|Asia Foundation Blog Post|
Photo by Karl Grobl
Banerjee's feisty and emotional politics have captured international attention, but equally notable is J. Jayalalithaa's win in Tamil Nadu. A famous Tamil film star, she transitioned into a successful political career and is now serving her third term as chief minister of the state. She has been dogged by charges of corruption and extravagant living (including the rumor she once took 48 suitcases for a 3 day trip to Delhi, which seems so ridiculously extravagant that it's probably not true, despite being published by BBC).
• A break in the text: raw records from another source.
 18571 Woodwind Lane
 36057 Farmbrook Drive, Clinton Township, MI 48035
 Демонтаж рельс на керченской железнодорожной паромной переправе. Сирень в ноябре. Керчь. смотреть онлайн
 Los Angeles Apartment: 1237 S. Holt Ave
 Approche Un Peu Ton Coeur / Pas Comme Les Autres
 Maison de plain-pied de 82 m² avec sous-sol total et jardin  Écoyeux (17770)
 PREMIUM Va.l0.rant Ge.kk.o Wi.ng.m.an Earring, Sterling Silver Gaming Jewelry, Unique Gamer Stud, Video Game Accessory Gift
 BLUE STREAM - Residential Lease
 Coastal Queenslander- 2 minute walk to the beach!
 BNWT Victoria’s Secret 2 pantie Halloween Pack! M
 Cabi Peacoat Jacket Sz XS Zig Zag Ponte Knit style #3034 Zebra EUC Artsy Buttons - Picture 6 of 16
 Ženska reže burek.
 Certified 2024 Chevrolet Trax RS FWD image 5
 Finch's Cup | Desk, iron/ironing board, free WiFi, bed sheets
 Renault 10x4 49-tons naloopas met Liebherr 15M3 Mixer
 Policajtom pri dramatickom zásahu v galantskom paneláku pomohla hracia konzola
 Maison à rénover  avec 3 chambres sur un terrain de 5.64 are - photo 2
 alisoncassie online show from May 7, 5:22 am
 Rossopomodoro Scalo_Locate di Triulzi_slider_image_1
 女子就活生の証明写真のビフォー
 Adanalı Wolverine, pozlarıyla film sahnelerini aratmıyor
What's interesting to me is that we're seeing women from a variety of backgrounds coming to prominence in Indian politics. Mayawati comes from a disadvantaged background, Banerjee a lower-middle class background, and although Jayalalithaa comes from a good family, her career started outside the world of politics. Sonia Gandhi, president of the Indian National Congress and currently considered one of the world's leading female political leaders, was drawn into politics after the assassination of her husband, Rajiv Gandhi. Rajiv's mother, of course, is none other than Indira Gandhi. Indira, despite several missteps in office, is still recognized as one of the most important politicians in Indian history. Yet would she have been elected if she wasn't Nehru's daughter? Perhaps not. Would Sonia Gandhi have become involved in politics if she wasn't the daughter-in-law and wife of two assassinated Indian prime ministers? Most definitely not. Although India has a history of electing women to prominent positions, it's nice to see that today's female leaders are making their own way. Which may be why their idiosyncratic, strong personalities often place them at the center of controversy.